While this model reduces upfront investment pressure, it introduces new management challenges. Construction progress becomes uneven between units, material delivery schedules become harder to coordinate, and labor utilization becomes less predictable.
The project analyzed in this study reflected these conditions.
According to project records reviewed by the researchers, the development experienced delays linked to material availability, labor constraints, interruptions during finishing work, and reduced effective working days. These operational conditions created differences between planned progress and actual implementation.
By week 43 of construction, cumulative project progress had reached only 33.72 percent, while the original target had been 57.10 percent. That created a schedule deviation of 23.38 percentage points.
Turning Construction Data Into Project Performance Insights
To understand the scale of the problem, the research team analyzed project documents rather than conducting surveys or experiments.
The study used a quantitative evaluation design based on secondary project data, including:
- Planned and actual S-curves
- Project scheduling records
- Budget planning documents
- Actual cost realization reports
- Weekly progress monitoring reports
The researchers then applied Earned Value Management to compare planned work, completed work, and actual spending over time.
Instead of relying on traditional project tracking methods that examine only costs or only schedules, the analysis connected both dimensions simultaneously to estimate overall project health.
This allowed the team to identify whether spending efficiency matched physical construction progress.
Cost Performance Fell Below Expected Levels
The analysis found that the project’s cost efficiency weakened significantly as implementation progressed.

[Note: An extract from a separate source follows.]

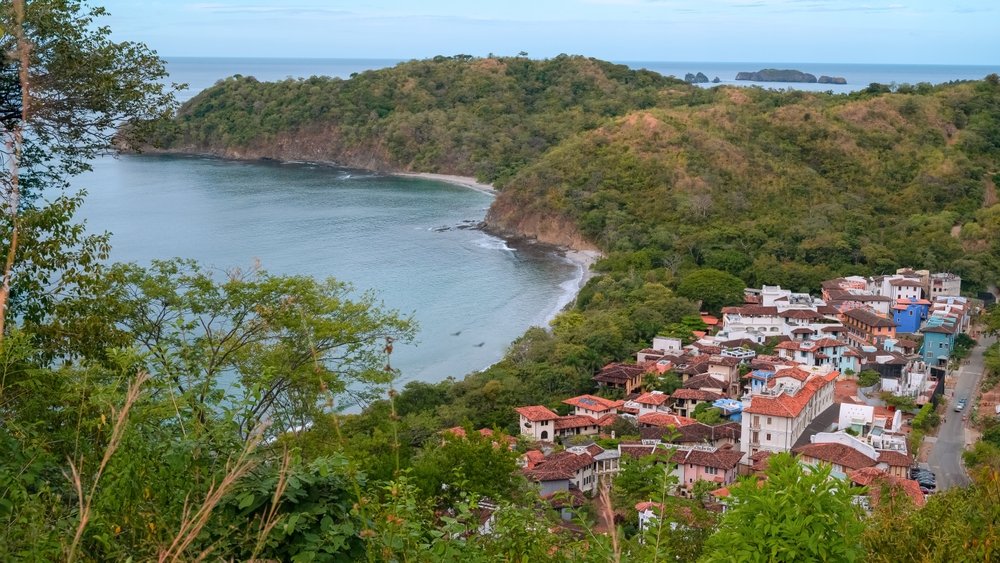 Las Catalinas town overlooking the beach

At week 43, the Cost Performance Index (CPI) reached 0.64.
In project performance analysis, a CPI value below 1 indicates that the project is spending more money than the value of work being successfully delivered.

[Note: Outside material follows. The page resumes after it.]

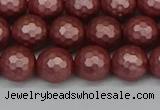 CSB1862 15.5 inches 8mm faceetd round matte shell pearl beads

The study also reported a negative Cost Variance (CV) of Rp149.53 billion.
That result indicates cost overrun conditions, meaning actual project expenditure exceeded the value generated by completed work.

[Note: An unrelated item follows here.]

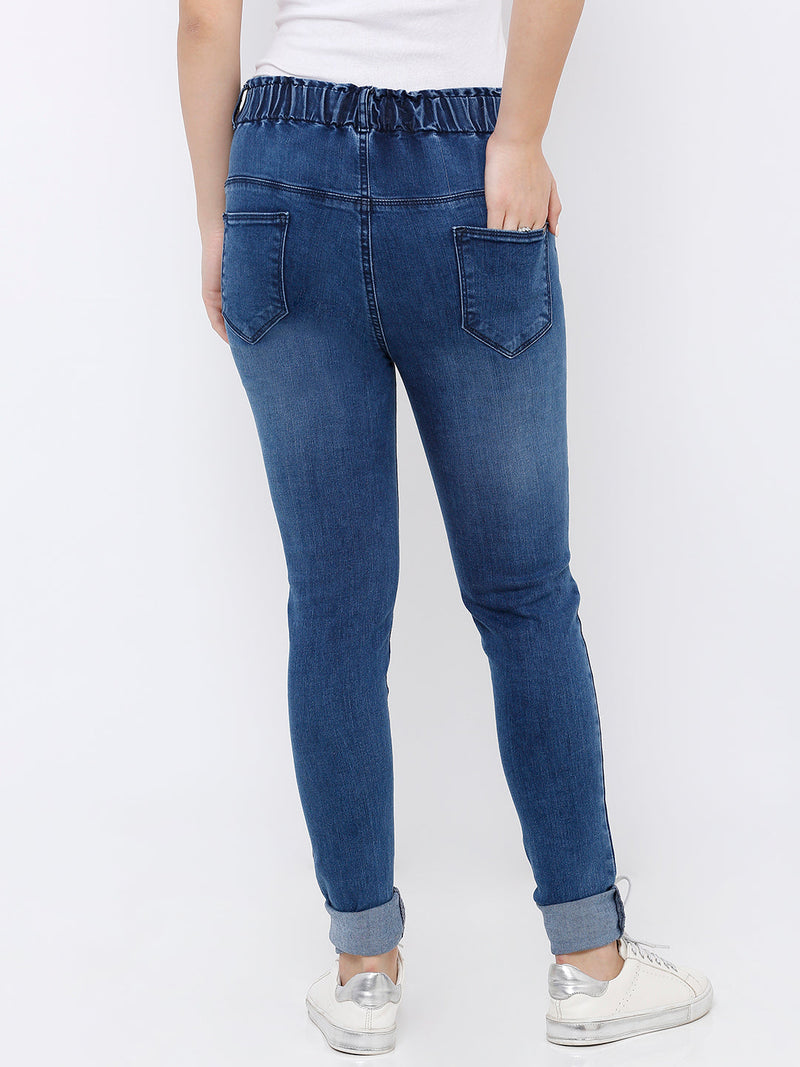 K4014 High-Rise Skinny Jeans - Blue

Additional forecasting using Estimate at Completion (EAC) showed that final project spending was expected to rise beyond the original project budget.
Several factors contributed to this outcome:
- Increased operational expenses caused by schedule delays
- Higher implementation costs during construction stages
- Suboptimal utilization of project resources
- Uneven construction progress across housing units
The project used a phased development model, meaning not all housing units progressed at the same speed. At the observed stage, only part of the planned housing inventory had reached completion.
A Broader Lesson for the Construction Industry
The study highlights an important shift in how project performance should be evaluated.
Construction projects are often judged by visible progress or budget absorption alone. However, the researchers argue that these indicators can overlook hidden inefficiencies that accumulate over time.
Axel Prasetya Adoe and colleagues from Universitas 17 Agustus 1945 Surabaya emphasized that project evaluation should integrate implementation data with cost and schedule indicators to represent actual field conditions more accurately.
Their interpretation suggests that performance measurement becomes more useful when operational realities such as labor delays, vendor issues, and uneven construction sequencing are considered alongside numerical indicators.
For housing developers, the findings suggest stronger coordination between procurement, scheduling, and workforce planning.
For construction managers, integrated monitoring may improve early detection of delays and budget pressure.
For policymakers and infrastructure stakeholders, the study reinforces the importance of data-driven project control systems that support more efficient delivery of housing developments.